We conducted a case-control study that evaluated sociodemographic, epidemiological, and clinical factors among 332 individuals. Risk was calculated as odds ratio (ORs) using the multivariate conditional logistic regression analysis method.
The following risk factors were identified: family history of skin cancer (OR, 6.55; 95% CI, 1.4-28.9), living in a rural area after the age of 30 years (OR, 3.13; 95% CI, 1.3-7.2), a lifetime working outdoors (OR, 2.98; 95% CI, 1.5-5.7), smoking more than 10 cigarettes a day (OR, 2.96; 95% CI, 1.3-6.5), actinic conjunctivitis (OR, 2.68; 95% CI, 1.2-5.9), poikiloderma of Civatte (OR, 3.29; 95% CI, 1.7-6.1), numerous facial actinic keratoses (OR, 9.23; 95% CI, 4.9-17.1), and numerous freckles (OR, 3.68; 95% CI, 1.3-10.1).

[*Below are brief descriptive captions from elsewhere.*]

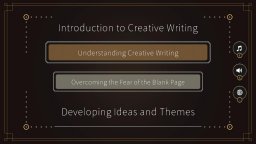 Creative Writing: Unlock Your Inner Author (NS)   © Cooking & Publishing 2025    2/3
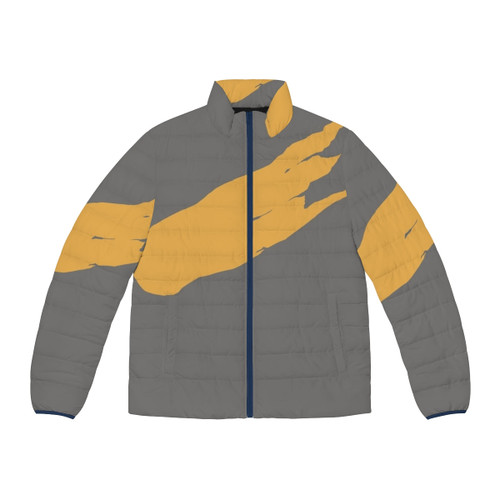 Digital Devil Saga Embryon Tribe Puffer Jacket featuring characters and imagery from the popular JRPG video game series
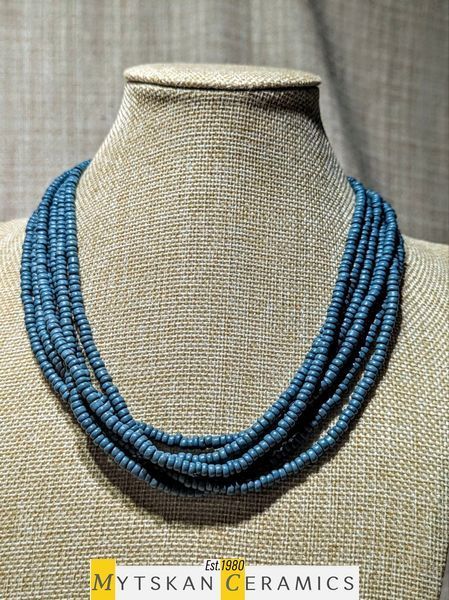 Ceramic necklace, women's jewelry made of natural ceramics. Necklace. Art. 135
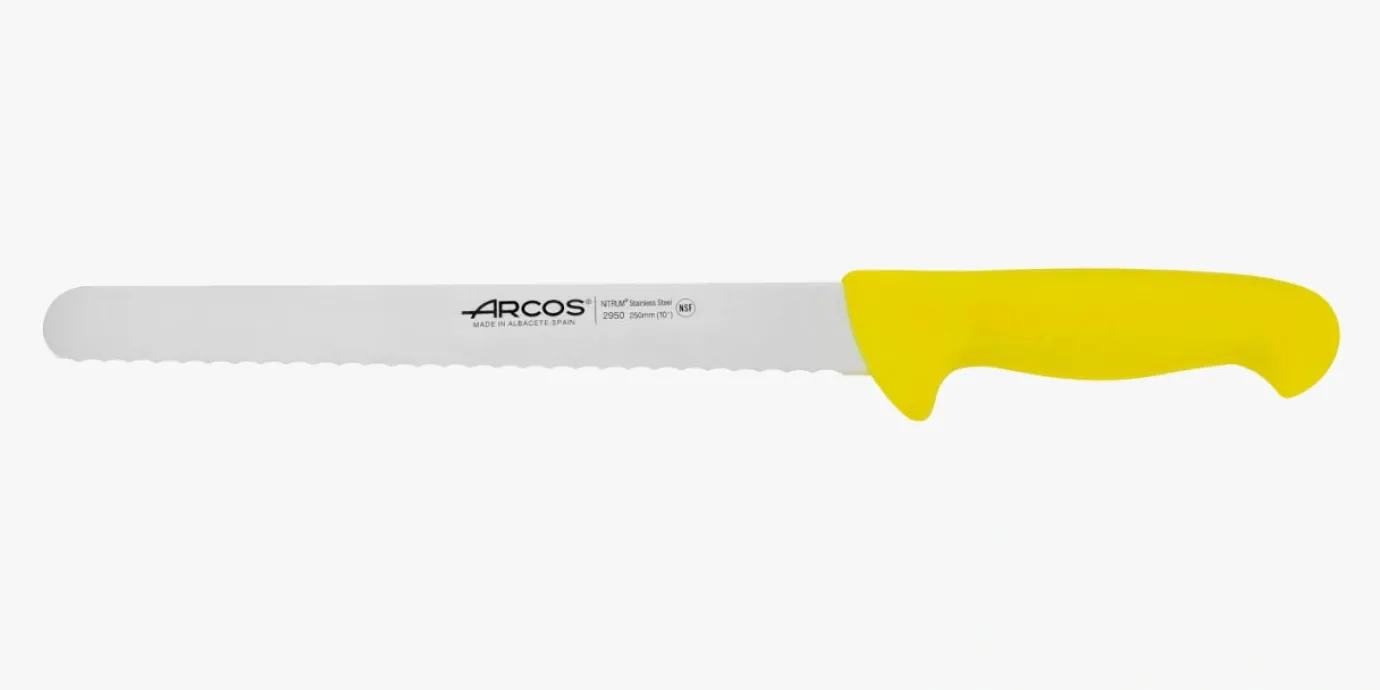 ARCOS Pasteleros|Cuchillo Pastelero color amarillo Serie 2900 250 mm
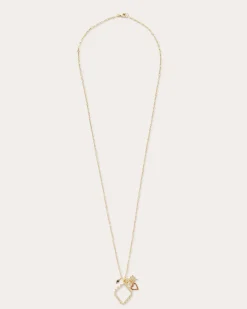 Sale Ramy Brook Zena Charm Necklace Gold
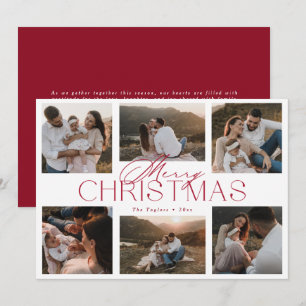 Festividades Cartão de Natal Elegante de Seis Fotos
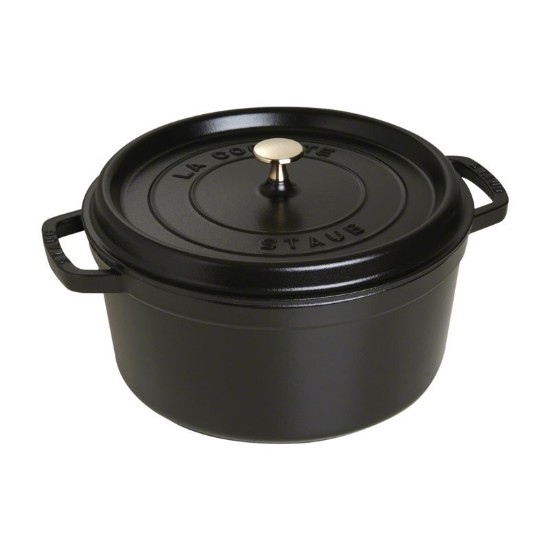 Staub - 28 cm / 6.75 literes Black - Cocotte öntöttvas fazék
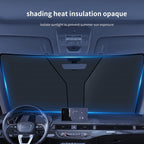 Car Windshield Sun Protection Heat Insulation Special-shaped Sunshade
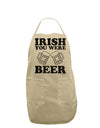 Irish You Were Beer Adult Apron by TooLoud-Bib Apron-TooLoud-Stone-One-Size-Davson Sales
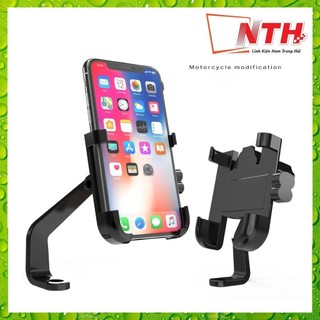 Kẹp điện thoại c2 hợp kim gắn xe máy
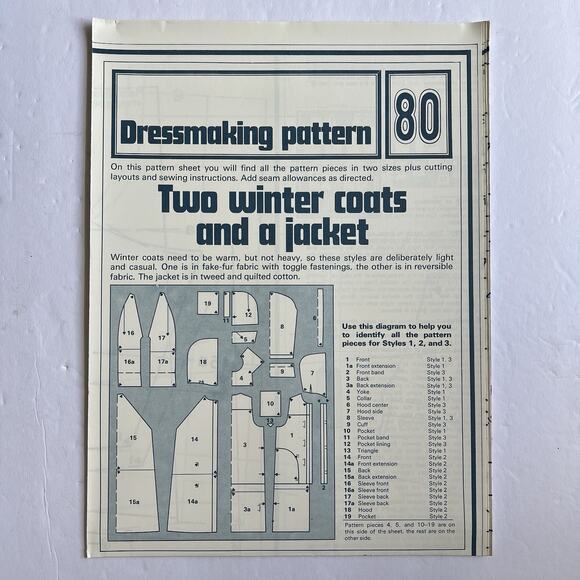 Vintage Designer Sewing Patterns Uncut Lot Of 3 Blouse Dress Jacket Skirt 70s - Picture 8 of 9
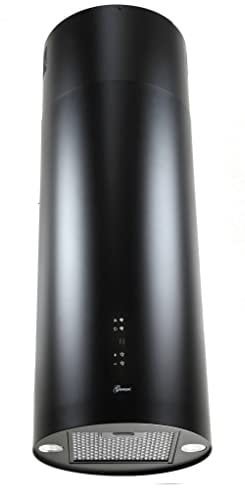 GURARI Wandhaube GCH V 380 36 BL PRIME, Runde Dunstabzugshaube 36 cm, Schwarz, 1000m³/h, 4 Stufen,Display, Randabsaugung,Timer, Fernbedienung, Wandhaube,Ablufthaube,Umlufthaube,FÜR WANDMONTAGE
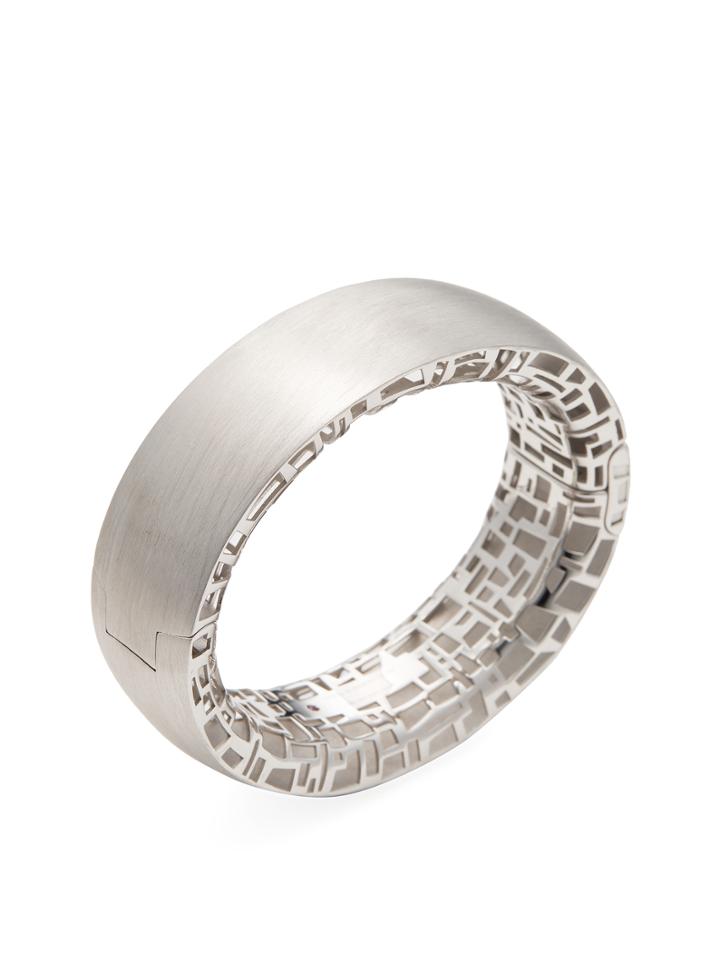 Roberto Coin Silver 5 Ten Skyline Bangle Bracelet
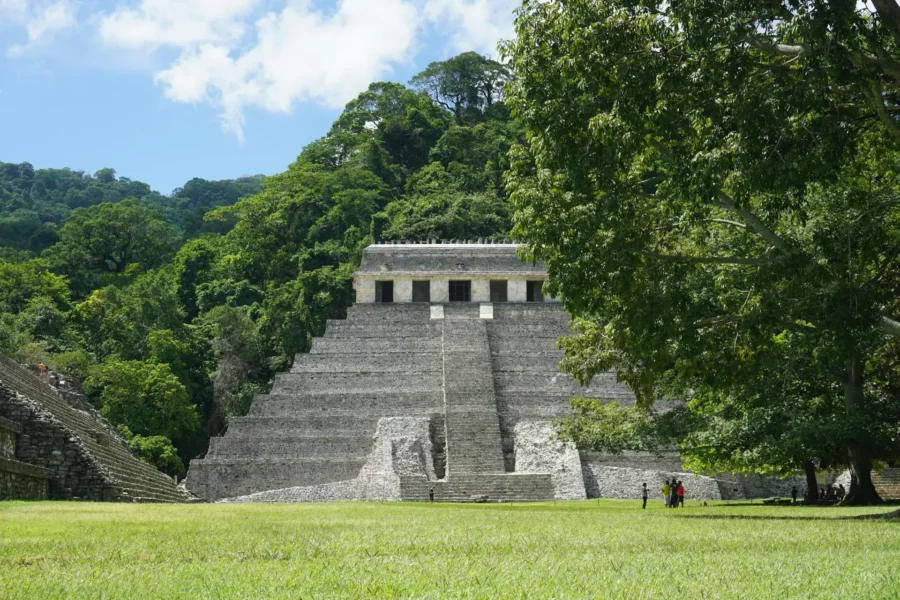 Temple des Inscriptions à Palenque, Mexique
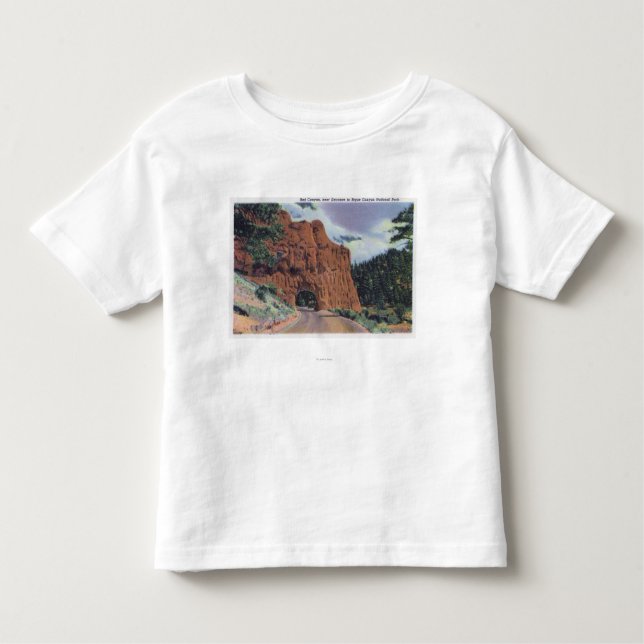 Camiseta Infantil Vista da garganta vermelha, perto da entrada do (Frente)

We have documented clinical characteristics and personal history factors that should guide the physician in making decisions on the preventive and follow-up measures to be adopted for individuals at risk of squamous cell carcinoma. These findings may help guide policy for controlling the disease using local information.
非黑色素瘤皮肤癌是白人中最常见的恶性肿瘤。属于非黑色素瘤皮肤癌家族的鳞状细胞癌的危险因素在哥伦比亚尚未得到研究。
确定哥伦比亚一家全国性皮肤病转诊中心患者鳞状细胞癌的危险因素。
我们进行了一项病例对照研究,评估了332名个体的社会人口统计学、流行病学和临床因素。使用多变量条件逻辑回归分析方法将风险计算为比值比(OR)。
确定了以下危险因素:皮肤癌家族史(OR,6.55;95%CI,1.4 - 28.9);30岁后生活在农村地区(OR,3.13;95%CI,1.3 - 7.2);一生从事户外工作(OR,2.98;95%CI,1.5 - 5.7);每天吸烟超过10支(OR,2.96;95%CI,1.3 - 6.5);光化性结膜炎(OR,2.68;95%CI,1.2 - 5.9);皮肤异色病(OR,3.29;95%CI,1.7 - 6.1);面部有大量光化性角化病(OR,9.23;95%CI,4.9 - 17.1);有大量雀斑(OR,3.68;95%CI,1.3 - 10.1)。
我们记录了临床特征和个人病史因素,这些因素应指导医生对有鳞状细胞癌风险的个体采取预防和随访措施做出决策。这些发现可能有助于利用当地信息指导控制该疾病的政策。